The unsolved subset has been re-asked here

Was it helpful?

Solution 5

I finally came up with a workable solution

        IEnumerable<Glyph> requirements = t.Objectives.Cast<Glyph>().OrderBy(k => k.Name);
        IEnumerable<Glyph> candidates = Resources.Cast<Glyph>().OrderBy(k => k.Name);

        IEnumerable<Glyph> zeroCountCandidates = candidates.Where(c => c.Count == 0);
        IEnumerable<Glyph> zeroCountRequirements = requirements.Where(r => r.Count == 0);

        List<Glyph> remainingCandidates = zeroCountCandidates.ToList();

        if (zeroCountCandidates.Count() < zeroCountRequirements.Count())
        {
            return false;
        }

        foreach (var r in zeroCountRequirements)
        {
            if (!remainingCandidates.Contains(r))
            {
                return false;
            }
            else
            {
                remainingCandidates.Remove(r);
            }
        }

        IEnumerable<Glyph> nonZeroCountCandidates = candidates.Where(c => c.Count > 0);
        IEnumerable<Glyph> nonZeroCountRequirements = requirements.Where(r => r.Count > 0);

        var perms = nonZeroCountCandidates.Permutations();

        foreach (var perm in perms)
        {
            bool isViableSolution = true;

            remainingCandidates = perm.ToList();

            foreach (var requirement in nonZeroCountRequirements)
            {
                int countThreshold = requirement.Count;
                while (countThreshold > 0)
                {
                    if (remainingCandidates.Count() == 0)
                    {
                        isViableSolution = false;
                        break;
                    }

                    var c = remainingCandidates[0];
                    countThreshold -= c.Count;

                    remainingCandidates.Remove(c);
                }
            }

            if (isViableSolution)
            {
                return true;
            }
        }

        return false;

Disgusting isn't it?

OTHER TIPS

Here's my sketch for a linqy solution, but it doesn't address #3 at all. It works by grouping and joining on names. The hard part would then be to determine if there is some matching of requirements to candidates that satisfies the group.

void Main() {
    var requirements = new [] {
        new NameCount{ Name = "A", Count = 0 },
        new NameCount{ Name = "B", Count = 0 },
        new NameCount{ Name = "C", Count = 9 },
        new NameCount{ Name = "D", Count = 3 },
        new NameCount{ Name = "D", Count = 5 },
    };

    var candidates = new[] {
        new NameCount {Name = "B", Count = 0},
        new NameCount {Name = "C", Count = 1},
        new NameCount {Name = "A", Count = 0}, 
        new NameCount {Name = "D", Count = 2},
        new NameCount {Name = "C", Count = 4},
        new NameCount {Name = "C", Count = 4}
    };

    var matched = requirements
        .GroupBy(r => r.Name)
        .GroupJoin(candidates, rg => rg.Key, c => c.Name, 
            (rg, cg) => new { requirements = rg, candidates = cg });

    bool satisfied = matched.All( /* ??? */ );
}

struct NameCount {
    public string Name;
    public int Count;
}

For the given input, matched would be this: enter image description here

.GroupJoin has much better performance characteristics than candidates.Where in the projection.

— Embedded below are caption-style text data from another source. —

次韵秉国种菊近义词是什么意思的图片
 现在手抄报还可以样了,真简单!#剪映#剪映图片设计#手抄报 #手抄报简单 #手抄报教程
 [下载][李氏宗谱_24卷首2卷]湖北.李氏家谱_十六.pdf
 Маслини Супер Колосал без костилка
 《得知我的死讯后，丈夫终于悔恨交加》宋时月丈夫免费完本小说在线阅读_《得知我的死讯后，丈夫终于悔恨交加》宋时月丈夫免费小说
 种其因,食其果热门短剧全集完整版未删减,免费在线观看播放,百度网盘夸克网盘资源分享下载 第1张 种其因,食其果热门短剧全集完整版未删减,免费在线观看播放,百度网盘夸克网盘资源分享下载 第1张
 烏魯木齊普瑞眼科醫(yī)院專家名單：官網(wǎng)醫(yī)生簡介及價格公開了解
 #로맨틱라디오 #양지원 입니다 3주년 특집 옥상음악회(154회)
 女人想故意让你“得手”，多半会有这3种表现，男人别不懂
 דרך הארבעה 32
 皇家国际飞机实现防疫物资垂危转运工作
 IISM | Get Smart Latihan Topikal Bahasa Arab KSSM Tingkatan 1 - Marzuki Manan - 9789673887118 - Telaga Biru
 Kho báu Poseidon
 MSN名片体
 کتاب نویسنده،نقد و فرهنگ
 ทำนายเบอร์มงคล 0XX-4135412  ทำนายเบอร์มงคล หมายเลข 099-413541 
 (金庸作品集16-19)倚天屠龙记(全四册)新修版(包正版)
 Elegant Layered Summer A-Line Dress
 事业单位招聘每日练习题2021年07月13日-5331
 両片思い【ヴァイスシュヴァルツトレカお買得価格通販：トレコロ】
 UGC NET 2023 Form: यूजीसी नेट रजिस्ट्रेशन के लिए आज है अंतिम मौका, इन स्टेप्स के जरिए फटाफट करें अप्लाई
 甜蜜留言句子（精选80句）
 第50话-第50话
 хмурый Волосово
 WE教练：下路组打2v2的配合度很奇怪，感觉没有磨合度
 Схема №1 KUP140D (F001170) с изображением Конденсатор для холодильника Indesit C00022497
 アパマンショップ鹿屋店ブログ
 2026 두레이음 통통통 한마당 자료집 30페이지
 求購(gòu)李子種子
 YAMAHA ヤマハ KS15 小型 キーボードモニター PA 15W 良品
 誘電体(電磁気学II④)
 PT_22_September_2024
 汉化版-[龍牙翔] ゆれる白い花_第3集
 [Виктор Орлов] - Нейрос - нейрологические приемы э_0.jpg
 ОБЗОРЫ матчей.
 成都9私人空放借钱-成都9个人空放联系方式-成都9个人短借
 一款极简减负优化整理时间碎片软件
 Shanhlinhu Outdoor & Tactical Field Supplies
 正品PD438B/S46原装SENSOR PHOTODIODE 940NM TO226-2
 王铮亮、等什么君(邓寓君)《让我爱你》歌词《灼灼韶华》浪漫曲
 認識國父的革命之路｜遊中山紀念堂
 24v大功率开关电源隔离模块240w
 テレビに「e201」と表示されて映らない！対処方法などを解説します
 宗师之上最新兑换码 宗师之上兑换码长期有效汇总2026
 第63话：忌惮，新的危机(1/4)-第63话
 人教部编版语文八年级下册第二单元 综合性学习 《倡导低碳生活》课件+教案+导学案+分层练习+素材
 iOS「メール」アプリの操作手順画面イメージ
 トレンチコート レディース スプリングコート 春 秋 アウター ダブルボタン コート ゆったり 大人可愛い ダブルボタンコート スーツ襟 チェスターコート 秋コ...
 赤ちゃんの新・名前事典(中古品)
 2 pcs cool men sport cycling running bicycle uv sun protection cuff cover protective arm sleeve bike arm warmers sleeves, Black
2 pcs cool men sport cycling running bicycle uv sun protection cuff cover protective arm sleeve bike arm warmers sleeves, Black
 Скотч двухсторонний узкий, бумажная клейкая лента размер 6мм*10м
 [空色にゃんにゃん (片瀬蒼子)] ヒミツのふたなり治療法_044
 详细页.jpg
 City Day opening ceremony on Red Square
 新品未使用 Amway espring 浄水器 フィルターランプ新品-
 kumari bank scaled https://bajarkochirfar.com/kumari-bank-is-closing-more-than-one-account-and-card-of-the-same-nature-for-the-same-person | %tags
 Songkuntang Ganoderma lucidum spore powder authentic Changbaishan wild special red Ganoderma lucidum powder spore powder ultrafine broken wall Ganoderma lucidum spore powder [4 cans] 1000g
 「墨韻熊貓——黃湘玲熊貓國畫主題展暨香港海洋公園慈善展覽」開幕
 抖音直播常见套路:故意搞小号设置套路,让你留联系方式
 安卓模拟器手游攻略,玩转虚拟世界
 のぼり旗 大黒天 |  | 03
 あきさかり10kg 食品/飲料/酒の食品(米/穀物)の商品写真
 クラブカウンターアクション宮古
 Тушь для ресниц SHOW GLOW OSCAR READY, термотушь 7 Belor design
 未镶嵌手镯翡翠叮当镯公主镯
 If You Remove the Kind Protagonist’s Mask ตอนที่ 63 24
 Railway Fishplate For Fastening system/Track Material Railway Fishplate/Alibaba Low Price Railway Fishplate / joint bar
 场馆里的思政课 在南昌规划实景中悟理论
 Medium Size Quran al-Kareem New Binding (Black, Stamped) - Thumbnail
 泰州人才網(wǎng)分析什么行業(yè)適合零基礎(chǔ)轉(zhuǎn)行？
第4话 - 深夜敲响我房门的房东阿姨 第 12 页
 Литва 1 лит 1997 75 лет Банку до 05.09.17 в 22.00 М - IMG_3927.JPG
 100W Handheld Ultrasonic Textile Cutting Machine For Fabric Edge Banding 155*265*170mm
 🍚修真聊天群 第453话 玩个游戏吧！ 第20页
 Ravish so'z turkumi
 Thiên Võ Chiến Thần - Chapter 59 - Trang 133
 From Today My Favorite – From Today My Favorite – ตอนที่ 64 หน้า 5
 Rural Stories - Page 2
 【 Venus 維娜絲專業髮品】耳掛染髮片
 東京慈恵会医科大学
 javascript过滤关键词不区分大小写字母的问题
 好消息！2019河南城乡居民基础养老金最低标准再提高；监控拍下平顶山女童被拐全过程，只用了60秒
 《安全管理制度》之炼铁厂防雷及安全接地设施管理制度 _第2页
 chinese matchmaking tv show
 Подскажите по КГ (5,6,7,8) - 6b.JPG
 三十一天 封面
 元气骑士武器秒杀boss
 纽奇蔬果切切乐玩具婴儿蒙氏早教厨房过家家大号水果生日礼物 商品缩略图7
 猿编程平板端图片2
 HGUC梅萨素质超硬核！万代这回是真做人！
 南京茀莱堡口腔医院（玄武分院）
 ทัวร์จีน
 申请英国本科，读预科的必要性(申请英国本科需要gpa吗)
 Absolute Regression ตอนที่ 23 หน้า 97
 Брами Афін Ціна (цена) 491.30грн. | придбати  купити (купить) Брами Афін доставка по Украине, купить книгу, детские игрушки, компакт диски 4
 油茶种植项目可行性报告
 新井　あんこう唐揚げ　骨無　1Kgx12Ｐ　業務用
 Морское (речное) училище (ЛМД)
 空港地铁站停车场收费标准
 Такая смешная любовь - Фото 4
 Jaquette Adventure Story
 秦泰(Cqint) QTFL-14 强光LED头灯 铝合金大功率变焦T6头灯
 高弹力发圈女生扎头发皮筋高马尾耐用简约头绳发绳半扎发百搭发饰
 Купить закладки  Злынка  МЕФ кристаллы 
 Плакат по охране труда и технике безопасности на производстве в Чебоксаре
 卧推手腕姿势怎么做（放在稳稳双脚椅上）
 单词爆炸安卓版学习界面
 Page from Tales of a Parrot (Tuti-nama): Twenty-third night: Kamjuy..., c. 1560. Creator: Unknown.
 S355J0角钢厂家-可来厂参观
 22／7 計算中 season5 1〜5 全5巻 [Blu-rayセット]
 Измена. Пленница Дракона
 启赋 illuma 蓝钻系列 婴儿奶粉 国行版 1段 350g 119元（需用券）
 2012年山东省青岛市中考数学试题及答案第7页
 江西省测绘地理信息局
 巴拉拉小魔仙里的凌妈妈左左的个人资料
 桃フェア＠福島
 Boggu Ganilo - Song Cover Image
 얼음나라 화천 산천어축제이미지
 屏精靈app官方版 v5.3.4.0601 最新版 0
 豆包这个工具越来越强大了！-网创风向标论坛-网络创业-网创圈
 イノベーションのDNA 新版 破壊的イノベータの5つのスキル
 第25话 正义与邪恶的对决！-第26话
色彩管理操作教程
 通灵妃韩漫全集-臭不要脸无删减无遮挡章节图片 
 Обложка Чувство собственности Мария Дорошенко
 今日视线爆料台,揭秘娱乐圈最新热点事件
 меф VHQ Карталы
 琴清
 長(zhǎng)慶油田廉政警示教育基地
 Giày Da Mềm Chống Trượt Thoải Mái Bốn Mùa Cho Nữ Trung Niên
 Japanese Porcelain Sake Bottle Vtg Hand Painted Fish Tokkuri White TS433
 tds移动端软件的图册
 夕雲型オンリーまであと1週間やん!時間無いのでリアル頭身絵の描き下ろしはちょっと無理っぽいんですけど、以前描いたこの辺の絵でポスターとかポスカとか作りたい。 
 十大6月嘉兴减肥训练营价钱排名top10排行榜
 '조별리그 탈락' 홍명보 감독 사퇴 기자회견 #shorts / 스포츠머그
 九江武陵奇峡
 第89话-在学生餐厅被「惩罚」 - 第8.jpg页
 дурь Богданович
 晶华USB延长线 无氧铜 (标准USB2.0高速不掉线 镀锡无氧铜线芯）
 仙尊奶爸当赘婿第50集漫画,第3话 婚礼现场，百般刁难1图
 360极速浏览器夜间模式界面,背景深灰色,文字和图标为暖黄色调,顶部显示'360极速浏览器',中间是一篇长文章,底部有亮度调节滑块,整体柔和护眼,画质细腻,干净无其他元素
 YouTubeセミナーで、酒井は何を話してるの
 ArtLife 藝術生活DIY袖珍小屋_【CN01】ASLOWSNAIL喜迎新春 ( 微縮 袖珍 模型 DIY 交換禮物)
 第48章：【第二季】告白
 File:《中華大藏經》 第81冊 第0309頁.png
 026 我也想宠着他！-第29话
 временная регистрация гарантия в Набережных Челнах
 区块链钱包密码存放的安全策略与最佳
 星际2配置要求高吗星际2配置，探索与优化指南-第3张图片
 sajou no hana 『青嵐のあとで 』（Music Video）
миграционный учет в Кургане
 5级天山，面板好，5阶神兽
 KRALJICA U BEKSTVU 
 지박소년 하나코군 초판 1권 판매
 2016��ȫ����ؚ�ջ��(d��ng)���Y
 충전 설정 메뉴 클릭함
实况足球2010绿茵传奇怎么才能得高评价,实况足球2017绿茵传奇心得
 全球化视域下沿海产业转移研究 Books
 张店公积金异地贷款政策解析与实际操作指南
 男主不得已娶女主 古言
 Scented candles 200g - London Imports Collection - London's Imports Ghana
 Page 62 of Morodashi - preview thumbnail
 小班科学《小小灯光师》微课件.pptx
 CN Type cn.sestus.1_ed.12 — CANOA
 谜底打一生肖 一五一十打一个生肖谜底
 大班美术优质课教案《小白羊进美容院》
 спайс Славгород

After reconsidering the revised requirements, I've come up with a invariant assertions that must hold for a solution to exist..

For each paired cg and rg...

|cg.Name| >= |rg.Name|
cg.SummedCount >= rg.SummedCount

Assuming we have satisfied those conditions, a solution MAY exist.

My intuition suggests something similar to the following algorithm:

For each Name...

Let us call each r in rg a basket, and each c in cg an apple.

Sort apples in descending order.

We will keep track of which elements we've assigned to each basket in rg (e.g. r₁ is paired with cg₁.) Maintain sortedness in our buckets by ascending order of rₓ.Count - cgₓ.Count. (This value may be negative.)

Now, iterate through our list of apples, starting with the largest, and assign it to the least filled bucket by iterating through rg. If we overfill the first bucket, we continue descending through the list until we encounter a bucket that would remain unfilled if we put that apple in it. We then choose the previous bucket.

That is, we want to minimize the number of apples necessary to fill each bucket, so we prefer a perfect fit to overfilling, and overfilling to underfilling.

This algorithm does not work on the following case:
rg = (6, 5), cg = (3, 2, 2, 2, 2)

The above algorithm produces
r6 = (3, 2, 2), r5 = (2, 2)
whereas the solution ought to be
r6 = (2, 2, 2), r5 = (3, 2)

Going to post the obvious answer here, but I'm looking for something more elegant.

Given candidates as IEnumerable<'a>, project IEnumerable<'a> groupedCandidates from candidates by calling candidates.Where(c=>c.Count != 0).GroupBy(...) by performing a Sum on all elements with the same name.

Then project simpleCandidates from candidates.Except(groupedCandidates, (c,gc)=>c.Name == gc.Name)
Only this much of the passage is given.